Can you copy out the data exactly? Leave the images out.

(Beginning of SOURCE DATA)

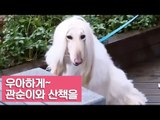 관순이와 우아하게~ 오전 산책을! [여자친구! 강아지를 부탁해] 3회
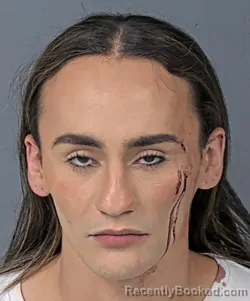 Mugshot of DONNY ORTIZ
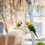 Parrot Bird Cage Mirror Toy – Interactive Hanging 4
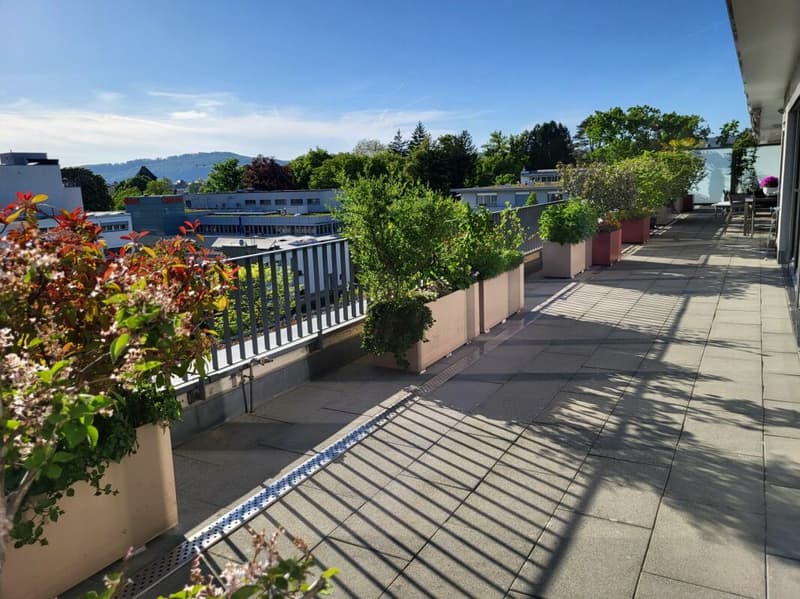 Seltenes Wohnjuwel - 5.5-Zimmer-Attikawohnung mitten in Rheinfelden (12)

(End of SOURCE DATA)

RESULT FOR THIS EXERCISE
 관순이와 우아하게~ 오전 산책을! [여자친구! 강아지를 부탁해] 3회
 Mugshot of DONNY ORTIZ
 Parrot Bird Cage Mirror Toy – Interactive Hanging 4
 Seltenes Wohnjuwel - 5.5-Zimmer-Attikawohnung mitten in Rheinfelden (12)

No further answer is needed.